# [Input records]
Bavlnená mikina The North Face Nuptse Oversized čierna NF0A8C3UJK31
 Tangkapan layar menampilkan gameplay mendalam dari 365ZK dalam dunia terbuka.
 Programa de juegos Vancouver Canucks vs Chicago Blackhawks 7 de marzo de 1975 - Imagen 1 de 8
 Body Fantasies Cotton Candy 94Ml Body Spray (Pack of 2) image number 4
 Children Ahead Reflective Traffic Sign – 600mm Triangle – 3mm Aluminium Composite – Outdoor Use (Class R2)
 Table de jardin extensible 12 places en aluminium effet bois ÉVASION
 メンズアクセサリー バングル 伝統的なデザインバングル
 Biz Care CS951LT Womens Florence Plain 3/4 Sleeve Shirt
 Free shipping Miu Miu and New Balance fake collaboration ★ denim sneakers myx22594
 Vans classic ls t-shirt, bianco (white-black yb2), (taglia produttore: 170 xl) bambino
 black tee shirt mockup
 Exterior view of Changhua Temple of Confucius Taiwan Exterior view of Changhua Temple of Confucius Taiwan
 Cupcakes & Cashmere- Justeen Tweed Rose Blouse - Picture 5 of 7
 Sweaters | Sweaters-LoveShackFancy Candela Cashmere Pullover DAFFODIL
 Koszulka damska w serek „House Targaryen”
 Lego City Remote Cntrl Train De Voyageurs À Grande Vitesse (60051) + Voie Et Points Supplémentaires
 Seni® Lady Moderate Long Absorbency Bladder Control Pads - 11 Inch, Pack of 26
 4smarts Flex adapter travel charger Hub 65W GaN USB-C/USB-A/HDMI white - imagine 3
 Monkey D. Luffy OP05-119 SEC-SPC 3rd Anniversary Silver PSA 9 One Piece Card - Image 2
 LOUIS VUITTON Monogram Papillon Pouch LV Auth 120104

# [Your task]
Reproduce the records above with every character intact.

# [Exercise answer]
Bavlnená mikina The North Face Nuptse Oversized čierna NF0A8C3UJK31
 Tangkapan layar menampilkan gameplay mendalam dari 365ZK dalam dunia terbuka.
 Programa de juegos Vancouver Canucks vs Chicago Blackhawks 7 de marzo de 1975 - Imagen 1 de 8
 Body Fantasies Cotton Candy 94Ml Body Spray (Pack of 2) image number 4
 Children Ahead Reflective Traffic Sign – 600mm Triangle – 3mm Aluminium Composite – Outdoor Use (Class R2)
 Table de jardin extensible 12 places en aluminium effet bois ÉVASION
 メンズアクセサリー バングル 伝統的なデザインバングル
 Biz Care CS951LT Womens Florence Plain 3/4 Sleeve Shirt
 Free shipping Miu Miu and New Balance fake collaboration ★ denim sneakers myx22594
 Vans classic ls t-shirt, bianco (white-black yb2), (taglia produttore: 170 xl) bambino
 black tee shirt mockup
 Exterior view of Changhua Temple of Confucius Taiwan Exterior view of Changhua Temple of Confucius Taiwan
 Cupcakes & Cashmere- Justeen Tweed Rose Blouse - Picture 5 of 7
 Sweaters | Sweaters-LoveShackFancy Candela Cashmere Pullover DAFFODIL
 Koszulka damska w serek „House Targaryen”
 Lego City Remote Cntrl Train De Voyageurs À Grande Vitesse (60051) + Voie Et Points Supplémentaires
 Seni® Lady Moderate Long Absorbency Bladder Control Pads - 11 Inch, Pack of 26
 4smarts Flex adapter travel charger Hub 65W GaN USB-C/USB-A/HDMI white - imagine 3
 Monkey D. Luffy OP05-119 SEC-SPC 3rd Anniversary Silver PSA 9 One Piece Card - Image 2
 LOUIS VUITTON Monogram Papillon Pouch LV Auth 120104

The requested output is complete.